This semester I have learned a lot about myself as a learner and as a thinker. This week’s blog is about being an innovative learner, and unlearning things that we have learned in the past that may be harmful to our learning process. I think that the biggest thing I have learned through this semester, and this class in particular, is that I can learn on my own. Yes, it is true that teachers often times provide most of the material or sources that we must use to facilitate our learning. This class has been mostly different in this aspect. There have been articles we have been required to watch and read but this was only for introductory purposes. I have learned so many new website and links that have been useful for future uses in my classroom.
First off, I have been innovative by picking and choosing different resources to use in my blog posts, and that I have shared on Twitter. Prior to this class I had only found things through Google because this is what everyone uses. Google I now know is only a one stop place if you are on a last resort effort to find certain information. There are websites for just about everything, but you as the learner have to be innovative to find them.
My favorite quote from Couros’s “The Mindset of an Innovator” is “I believe that my abilities, intelligence, and talents can be developed, leading to the creation of new and better ideas.” My role as a future teacher is not one that should be taken lightly. I, as well as the students in the classroom should be expanding our minds every day, learning something new and interacting with different material. If I wanted, I could make a lesson plan the first year I am teaching and reteach this year after year. This does not work as a teacher who should be innovative. If I want to be an innovative teacher I have to see what works for the maximum student growth. Then I should adjust the assignment or completely scrap them depending on how they served the students.

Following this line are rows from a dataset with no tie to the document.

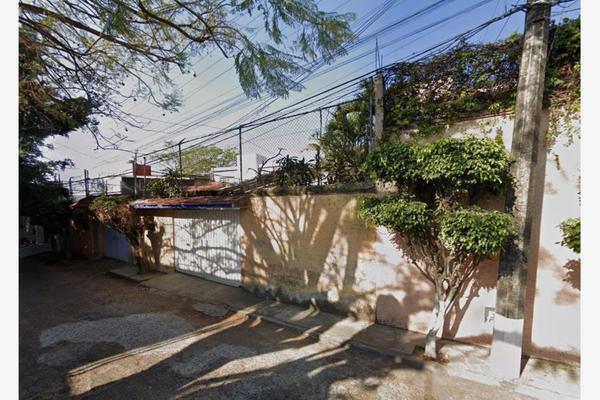 Foto de inmueble en  , Col. Los Volcanes C.P. 62350, Cuernavaca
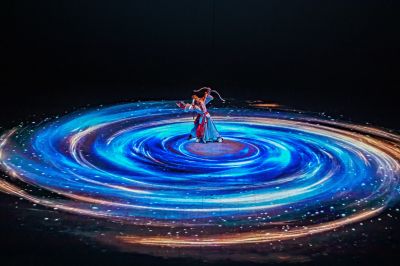 大型奇幻秀王的战车首演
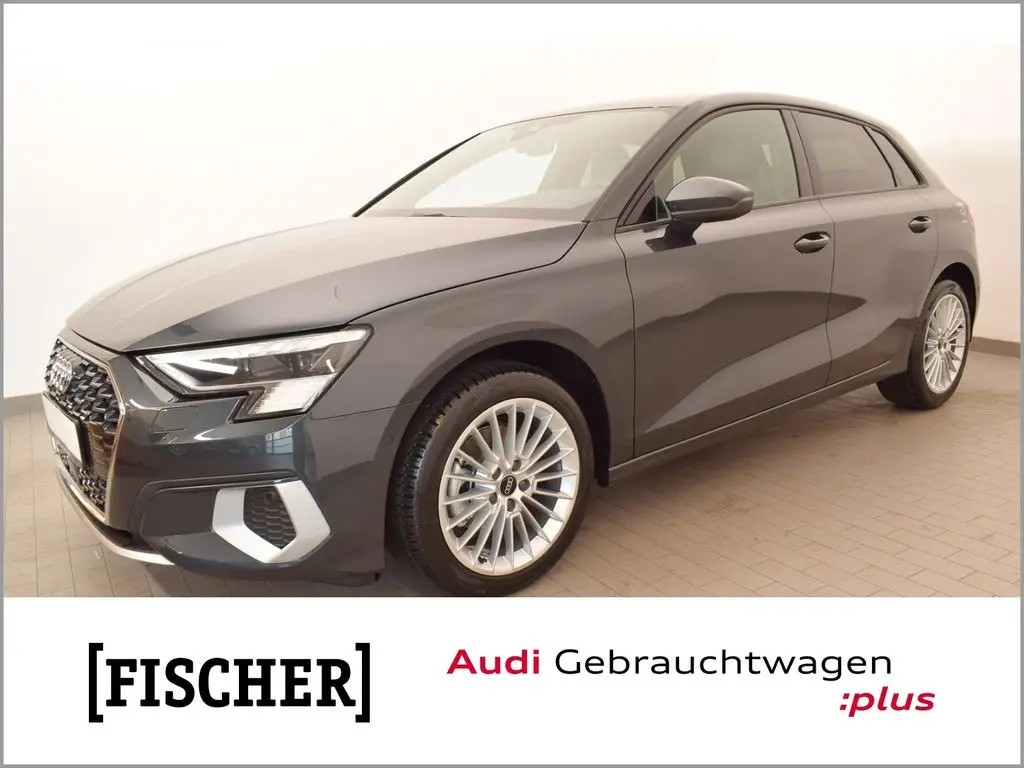 Photo 1 : Audi A3 2023 Essence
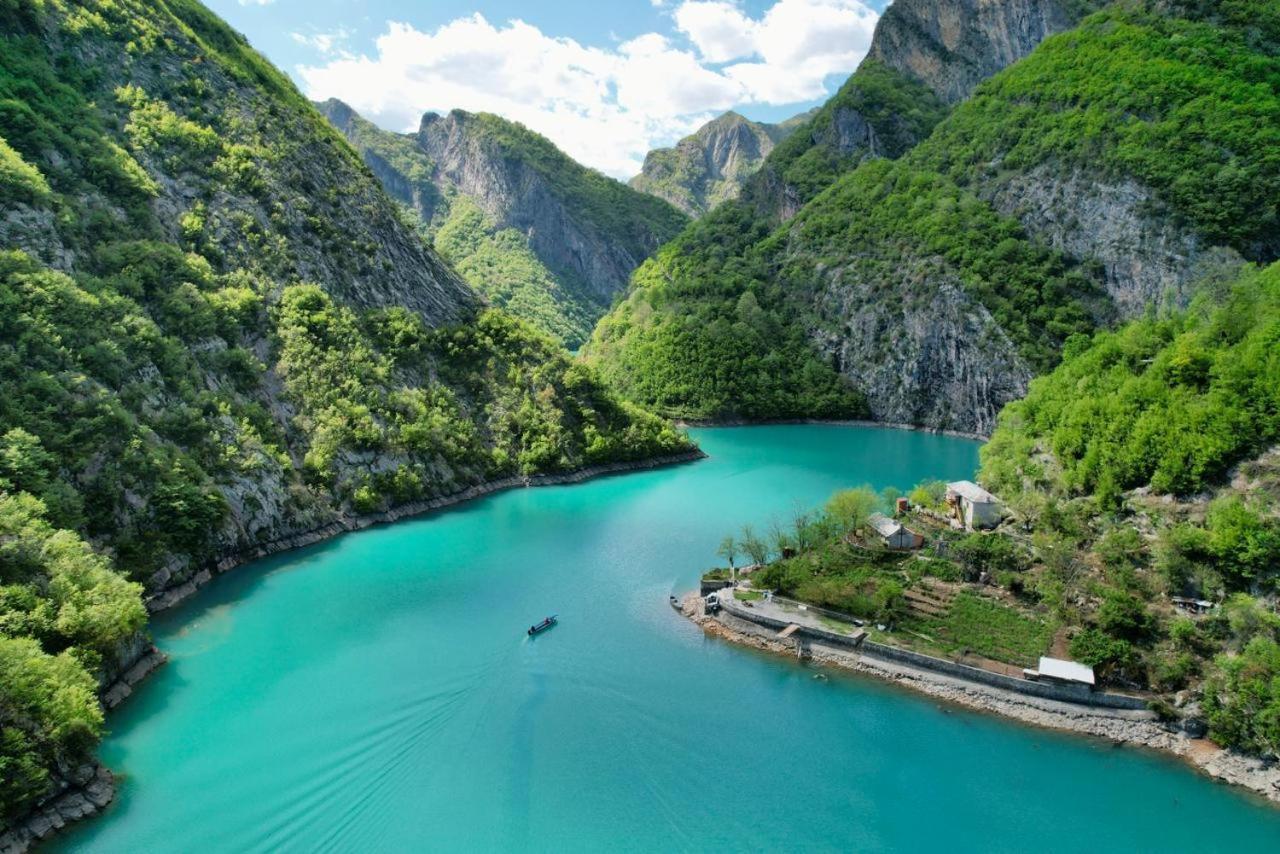 Hotel Neomalsore Agrotourism, Komani Lake Exterior foto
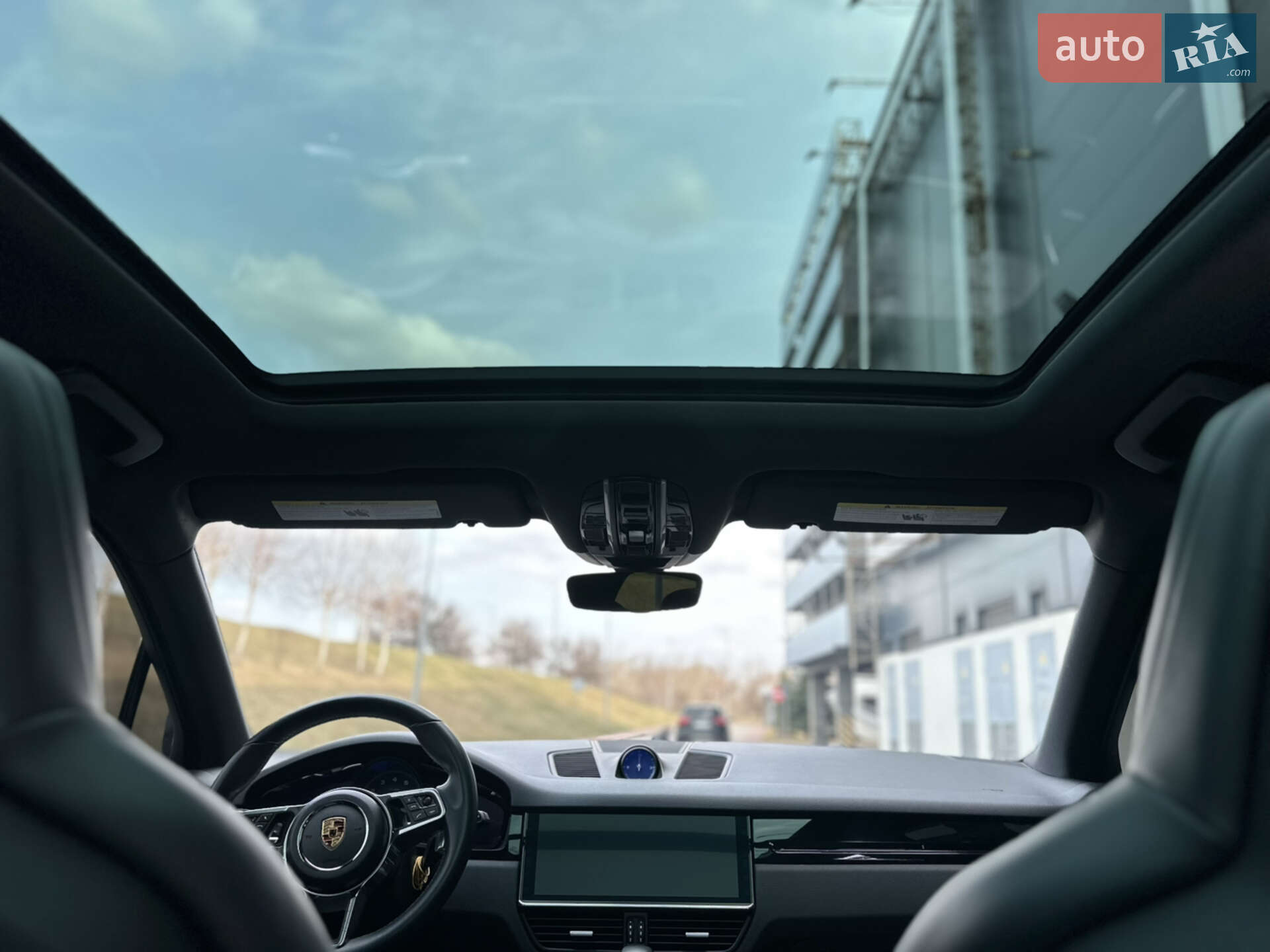 Porsche Cayenne 2018 VIN WP1AB2AY7KDA61919 фото оголошення 22 з 37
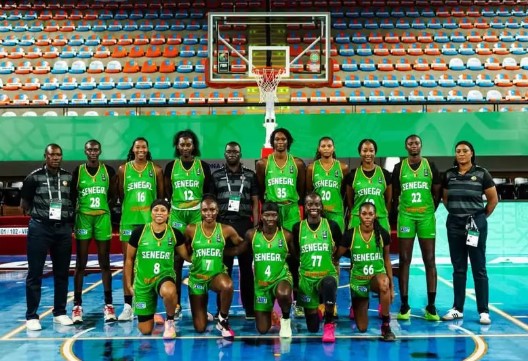 Lionnes du Basket bloquées au Mexique : « J’ai dû payer à manger aux filles », le coup de gueule de Madjiguène Sène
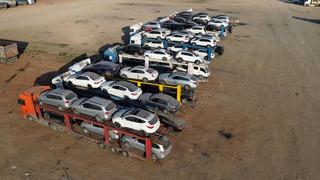 Türkiye sınırında dikkat çeken görüntü! İkinci el araçlar tırlarla Suriye'ye taşınıyor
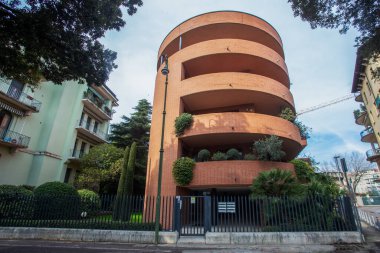 02-14-2016 Verona İtalya. Çekici kırmızı tuğlalı modern çok katlı ev Verona, şehir merkezinde küçük bahçeli bir ev.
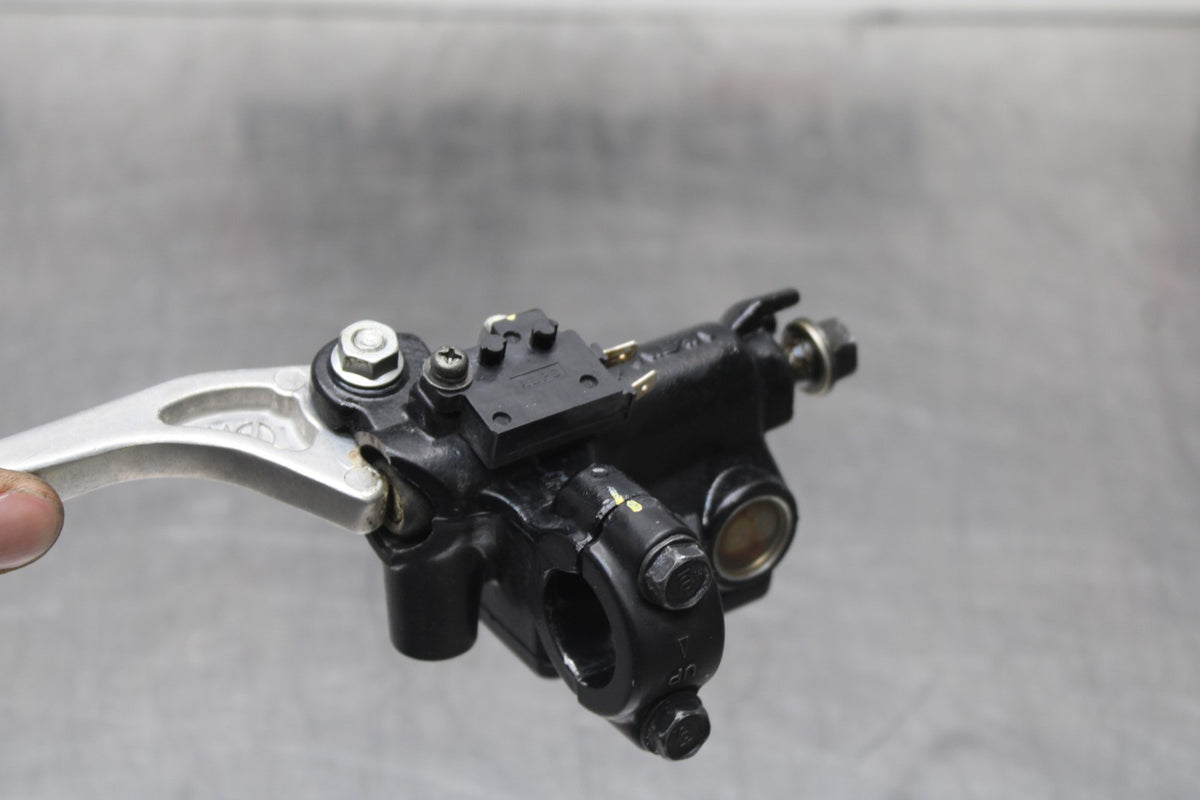 08 HONDA CBR125R FRONT BRAKE MASTER CYLINDER w/ LEVER BB839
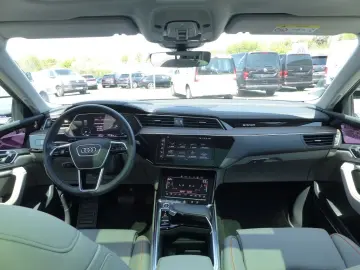 AUDI e-tron 55 quattro 300 KW S line  LED PDC B&O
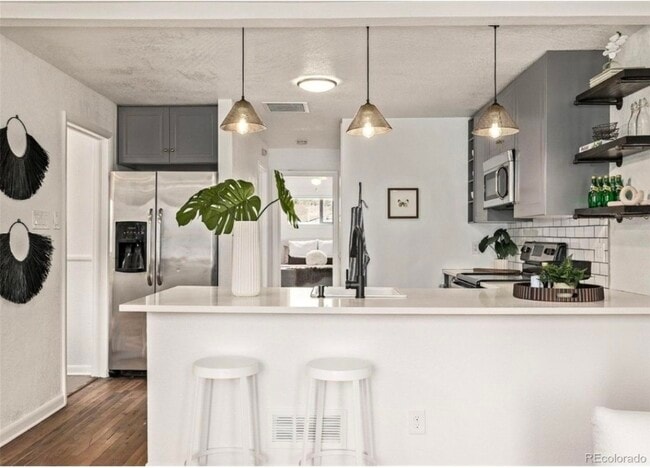 Foto del edificio - 6137 Sterne Cir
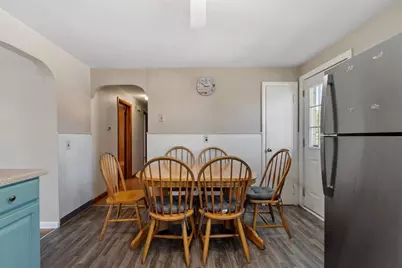 28 Hibiscus Ave, Waltham, MA 02451 - Photo 15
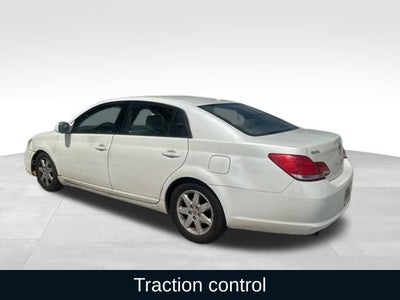 2010 Toyota Avalon XLS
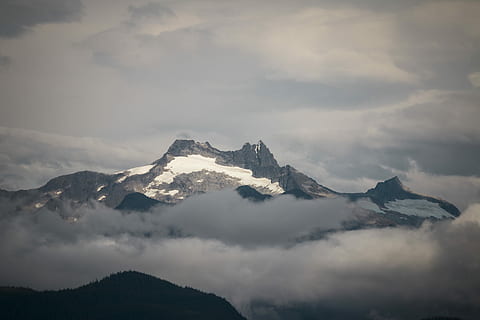 høj, vinkelfotografering, bjergkæde, dækket, sne, bjerg, tåge, himmel, klipper, Sky, topmøde, klippe, klint, overskyet himmel, bjergtop, tip, alaska, sky - himmel, scenics - natur, skønhed i naturen, kold temperatur, vinter, ingen mennesker, natur, rolig scene, snedækket bjerg, ro, miljø, landskab, udendørs, 5K, CC0, offentligt domæne, royaltyfrie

My favorite quote from Richardson’s “The Unlearning Curve” is “we need to unlearn the idea that every student needs to learn the same content when really what they need to learn is how to self-direct their own learning.” Literacy in the digital age class is all about how to self-direct our own learning and many classes have been like that for me this semester. This is important because there will not always be a teacher to help you through every situation in life.
One quote from Richardson’s “The Unlearning Curve” that I still need to unlearn is “we need to unlearn our fear of putting ourselves and our students “out there” for we’ve proven we can do it in safe, relevant and effective ways.” I have yet to fully put myself out there in terms of answering questions in class or asking questions to the teacher because I have found I can ask other classmates. The teacher is usually the best source to ask for help, I just need to let them know sometimes that I need help, just as everyone does.